* Description of the task
Find "An example of" below and begin at its line; stop after the line with "Sweatshirt Doodle Maman". Output those lines exactly, without pictures.

[The data — start]

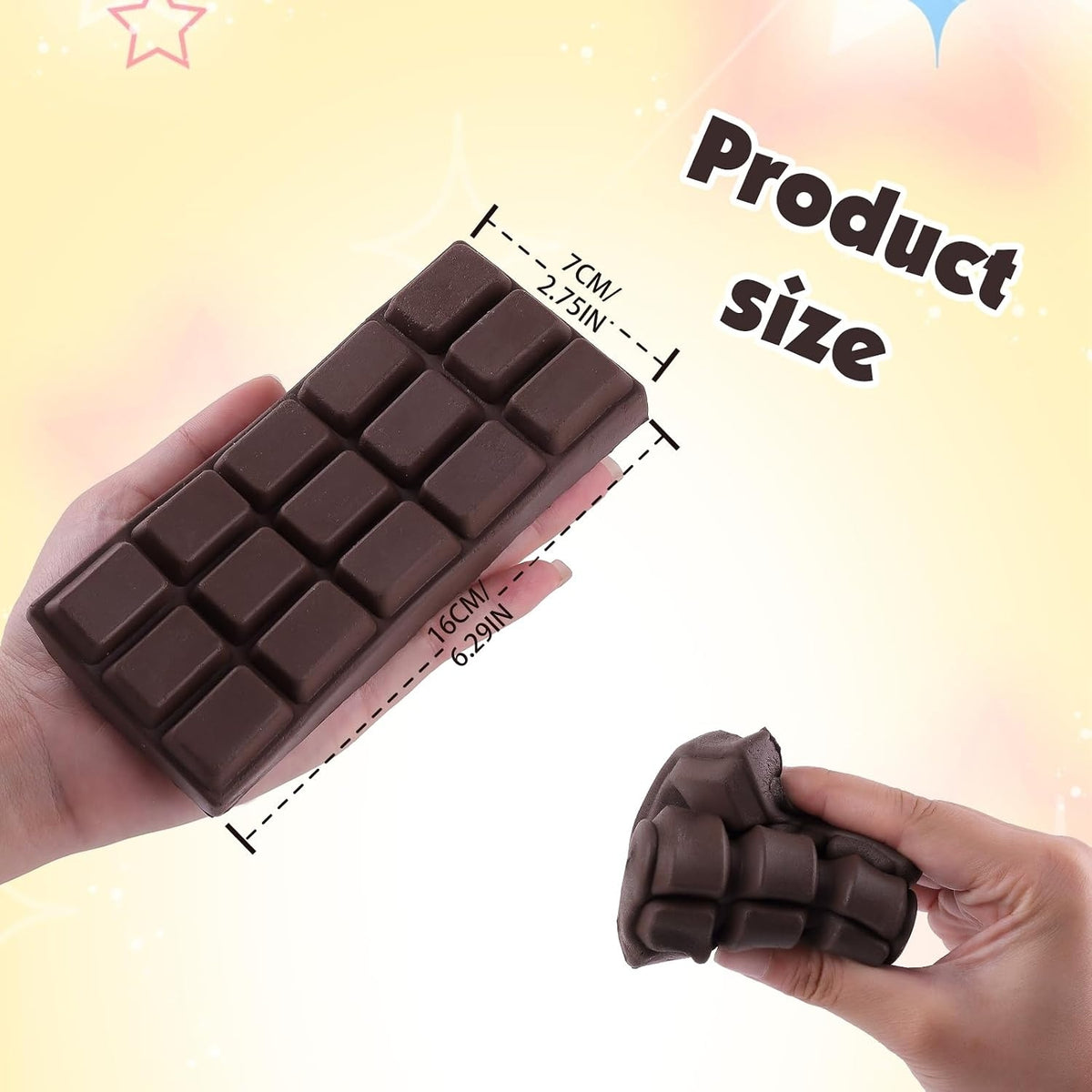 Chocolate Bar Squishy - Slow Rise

[The data — finish]
[The data — start]

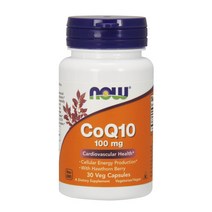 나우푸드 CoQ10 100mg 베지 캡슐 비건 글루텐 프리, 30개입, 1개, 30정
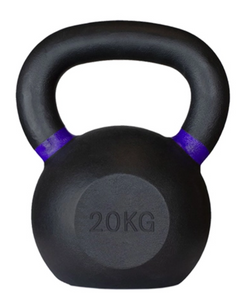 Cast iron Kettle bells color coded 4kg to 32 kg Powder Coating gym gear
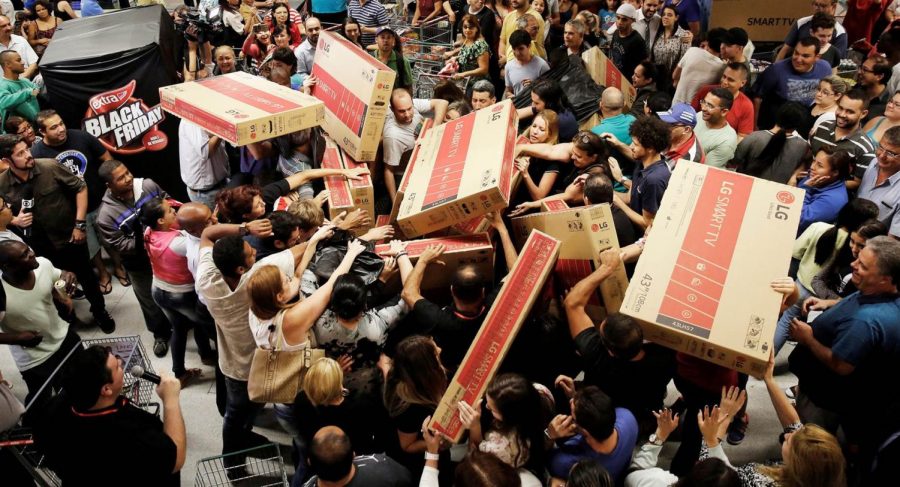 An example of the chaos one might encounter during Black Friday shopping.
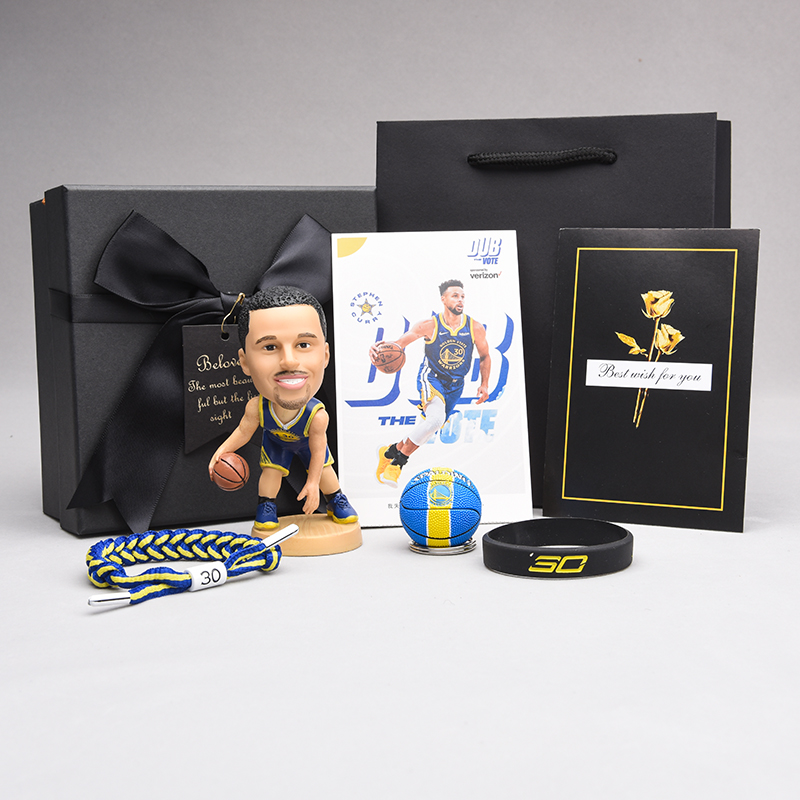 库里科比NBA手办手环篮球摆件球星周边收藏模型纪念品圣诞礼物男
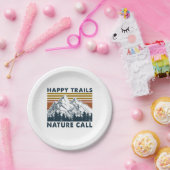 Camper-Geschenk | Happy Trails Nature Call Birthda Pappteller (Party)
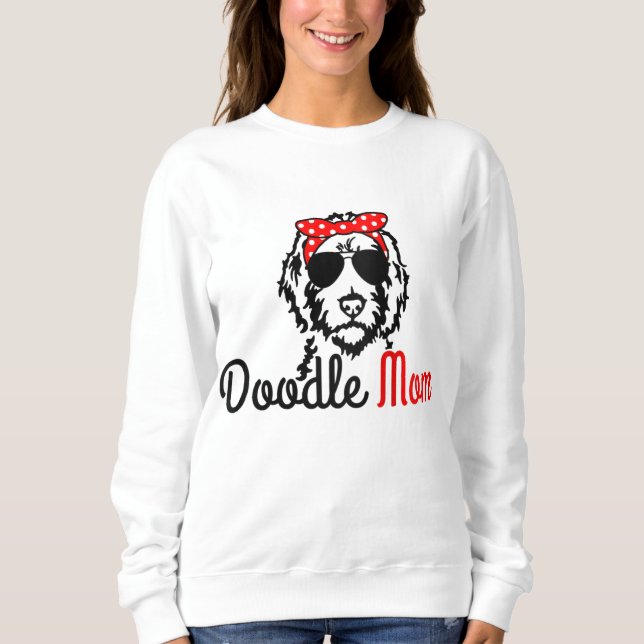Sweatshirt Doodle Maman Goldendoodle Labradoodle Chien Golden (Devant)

[The data — finish]
[The data — start]

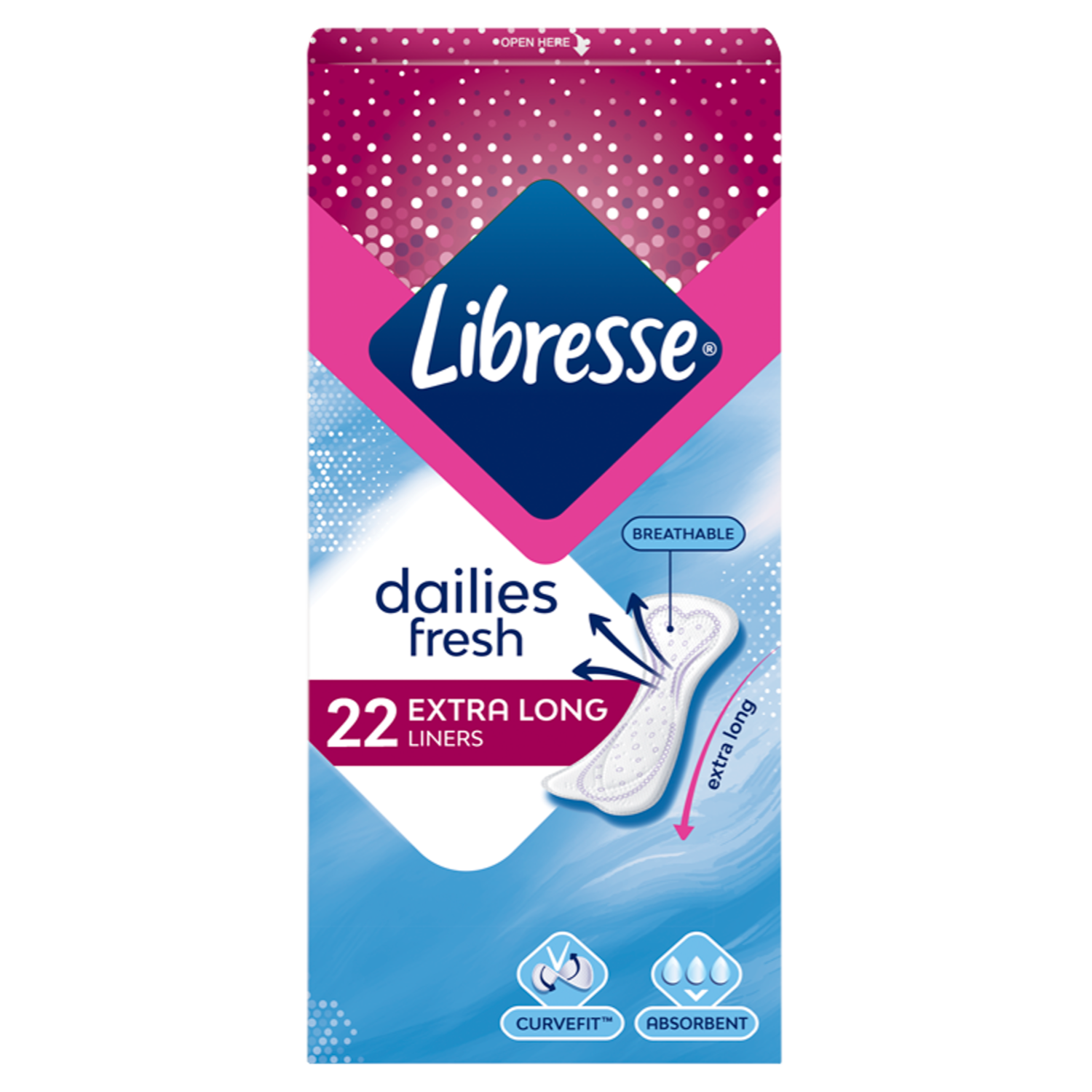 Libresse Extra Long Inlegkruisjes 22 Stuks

[The data — finish]

* Output below
 An example of the chaos one might encounter during Black Friday shopping.
 库里科比NBA手办手环篮球摆件球星周边收藏模型纪念品圣诞礼物男
 Camper-Geschenk | Happy Trails Nature Call Birthda Pappteller (Party)
Sweatshirt Doodle Maman Goldendoodle Labradoodle Chien Golden (Devant)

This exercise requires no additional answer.